Developing Skills of Inquiry and Communication

By the end of this course, students will:
* describe, on the basis of information gathered from print and electronic sources, the various types of possible margins between lithospheric plates (e.g., convergent, divergent, transform, and intraplate activity) and the types of internal Earth processes occurring at each;
* produce diagrams of the following structures, and identify examples of them in maps and photographs: normal, reverse, thrust, and strike-slip (transform) faults; domes and basins; anticlines and synclines;
* investigate and produce a model of each type of seismic wave, using springs and ropes, and describe for each the nature of its propagation and the resulting movement within the rocks through which it is travelling;
* compare qualitative and quantitative methods (e.g., the Mercalli Scale and the Richter Scale) used to measure earthquake intensity and magnitude;
* produce a diagram or model, to scale, of the interior of the Earth in order to differentiate among the layers of the Earth and their characteristics (e.g., use cross-sections to provide the dimensions of crust, mantle, and inner and outer core, and travel-time curves for various seismic waves to provide data on the characteristics of the individual layers);
* design and construct a working model of a seismograph, and explain its use in recording earthquake activity;
* locate the epicentre of an earthquake, given the appropriate seismographic data (e.g., the travel-time curves to three recording stations for a single event);
* design and test methods to control mass wasting;
* relate the characteristics of sediment (e.g., grain size, shape, composition) to the velocity and direction of currents in a beach or stream environment (e.g., examine where sediment is being eroded and deposited in a local beach or river/stream environment);
* investigate and explain the interrelationship among geological maps, cross-sections, and block diagrams, and the ways in which they represent the subsurface structure and/or the geological history of an area.

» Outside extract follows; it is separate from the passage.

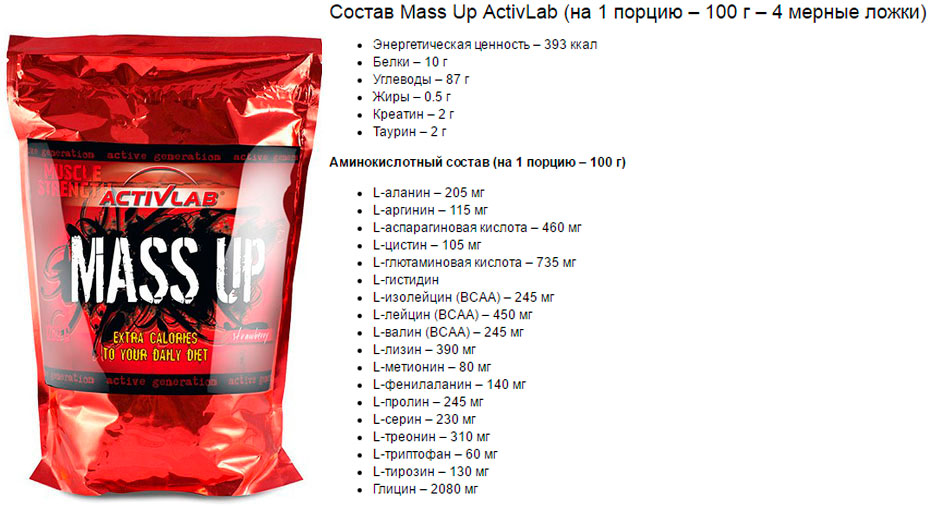 Состав Mass Up от ActivLab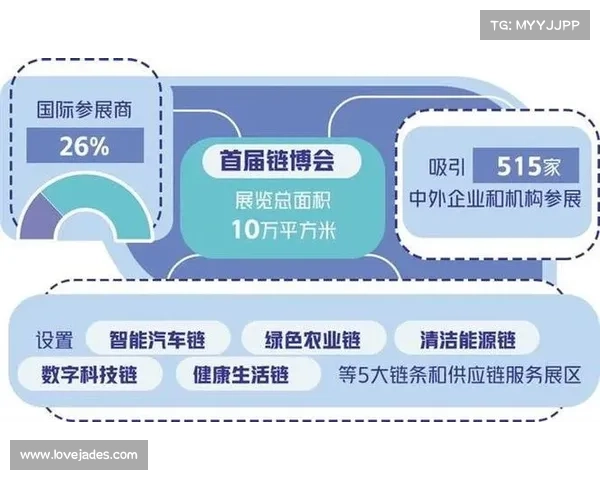 胡珑贸创新战略引领行业发展 聚焦数字化转型与全球化布局 胡珑贸创新战略引领行业发展 聚焦数字化转型与全球化布局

Relating Science to Technology, Society, and the Environment

By the end of this course, students will:
* describe methods of monitoring and predicting earthquakes, tsunamis, and volcanic eruptions;
* describe and explain how the development of the seismograph has contributed to a better understanding of the internal structure of the Earth;
* identify and describe engineering and technological innovations and adaptations resulting from human activity in areas of permafrost (e.g., pipeline construction, oil and natural gas exploration, residential construction and urbanization);
* identify and describe engineering and technological innovations and adaptations (e.g., in building design, highway construction, emergency services) resulting from the impact of earthquake activity on human populations;
* describe the underlying assumptions and the limitations of predictions of earthquake activity, and assess the implications of such predictions for populations in Canada and around the world;
* identify major areas of tectonic activity in the world (e.g., Japan – convergent margin; Iceland – divergent margin; California – transform fault), drawing on information about the relationship between earthquakes, volcanoes, and plate boundaries (e.g., plot on a world map, for a given time period, the locations of recorded earthquakes and active volcanoes);
* demonstrate an understanding of how erosion and deposition by streams are affected by load, gradient, channel shape, sediment composition, and human activities.